Talon spoke carefully, not wanting to betray the emotion within her. “Now you overestimate me. I knew nothing. He came to me of his own accord. He died of his own accord…” she struggled with the next words, but finally said them, “…in my arms.”
Kron nodded. “My apologies. I did not know.” So she was truly a wife to him. And more interestingly, she wanted Kron to know it, to understand her devotion to him, even though that devoti
on betrayed her weakness. She was but a woman, after all. This was useful information. “Let us assume that you have found a member of the Twelve who will support you.”
“That is a very large assumption to make for the sake of argument.”
He smiled at her. “You leave me few choices. You have in fact found an ally in the Chief Minister of State.”
She nodded. “I thank you. And the Hezzan thanks you.”
“And may the two soon be the same.”
Now, finally, she smiled. “Go on.”
“All the pieces are in place for you to carry on the work of your husband. All the pieces but one.”
“The Quarto.”
He nodded. “How well do you know the Rahk-Taa?”
“I am Drammune.”
“Then you know the Kar Ixthano,” Kron said, with an air of certainty.
“It goes without saying.” Her heartbeat increased. Did he believe he had already found a way to co-opt the Quarto? “If a man kills a Pawn in war, he takes that man’s earthly dominion for his own.”
“That is the base of it. But there is more.” Sool Kron splayed his bony fingers on the wooden table before him. He had thought about this at length, Talon now knew, and was laying out before her his plan, every word rehearsed.
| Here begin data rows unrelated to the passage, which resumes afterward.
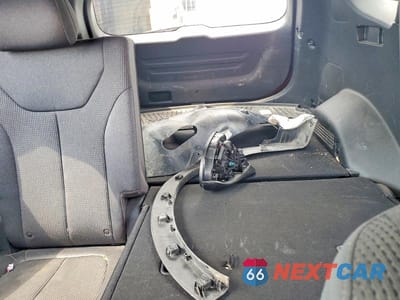 Zdjęcie 10 z 13 samochodu: 2021 HYUNDAI SANTA FE SE VIN:5NMS1DAJ8MH356075 - miniatura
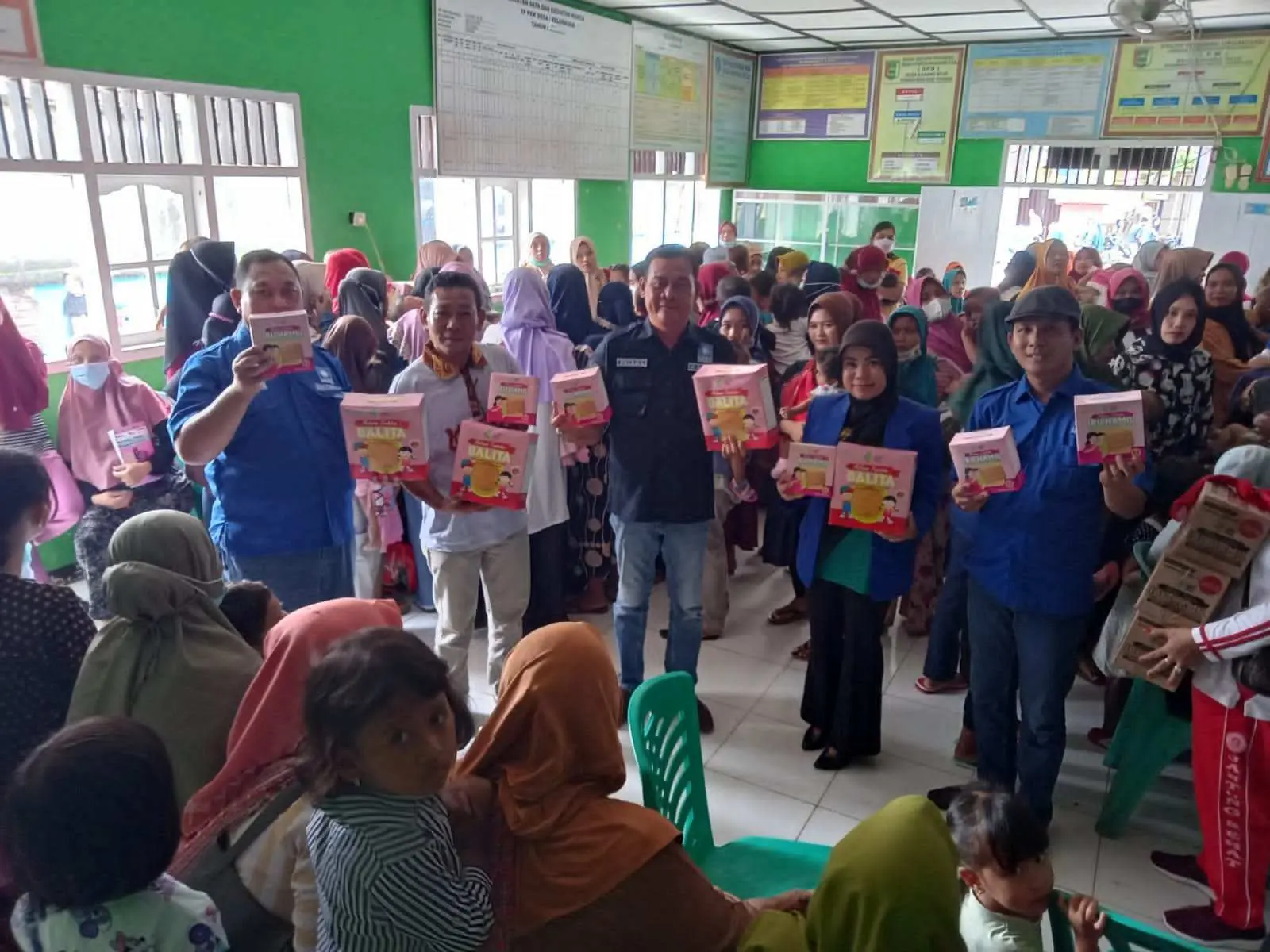 DPD PAN Pesawaran Bagikan Makanan Tambahan Ibu Hamil Dan Balita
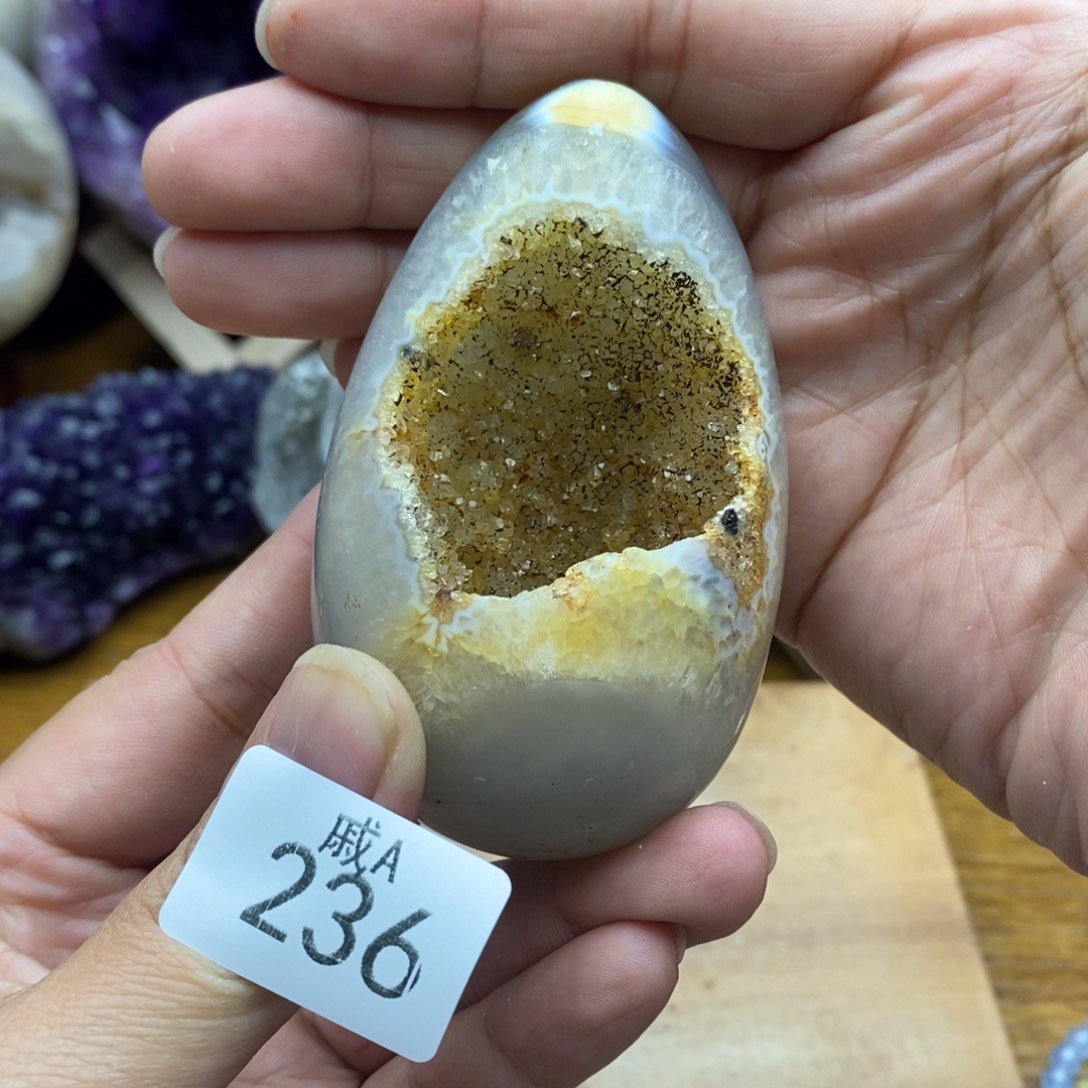 水晶未镶嵌大型摆件（非配饰）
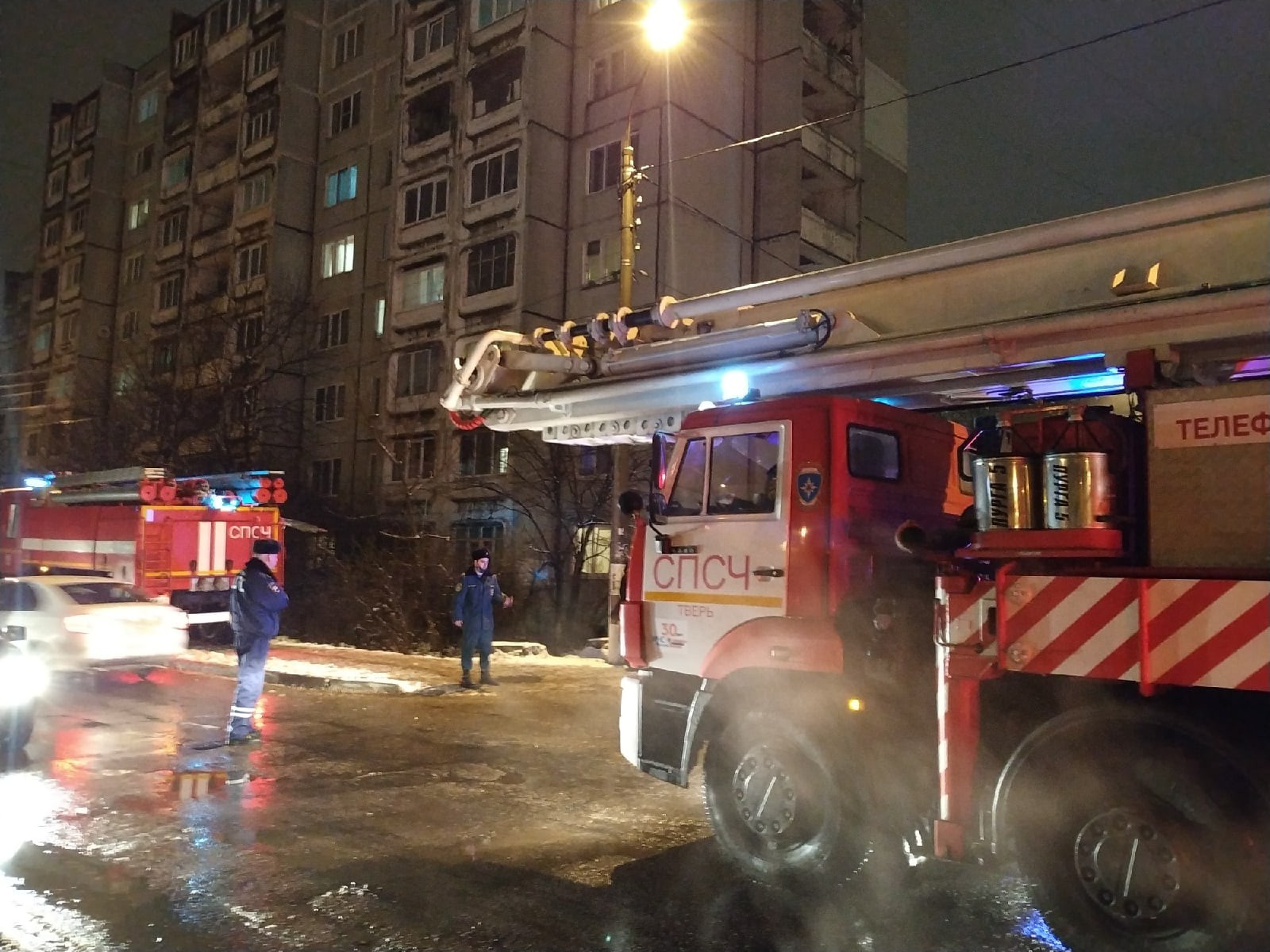 В Твери загорелся чердак жилого пятиэтажного дома | 26.11.2020 | Тверь -  БезФормата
Perhaps she had underestimated him as well.
“In the Kar Ixthano, the Rahk-Taa does not speak directly of war, nor even of those who are Drammune by birth and those who are not. It states simply that the Worthy displace the Unworthy, in order to rule. The Worthy are, of course, defined as those who most closely follow the teachings of the Rahk-Taa.”
“Very handy.”
He grinned. He appreciated the disrespect she was willing to show to the great book of Law; it meant she was someone who could discuss these things rationally. “Yes, indeed. Three principles are given. They function as examples in the text, but the Zealots take them literally. They call these the ‘Three Laws of Kar Ixthano.’ The First Law is the one you have stated. It is generally understood to be about war, but the Zealots do not limit it. It forms the philosophical basis of the riots now occurring in our streets. The Zealots are the Worthy, attempting to displace the Unworthy…you. They seek to kill you and take your dominion.”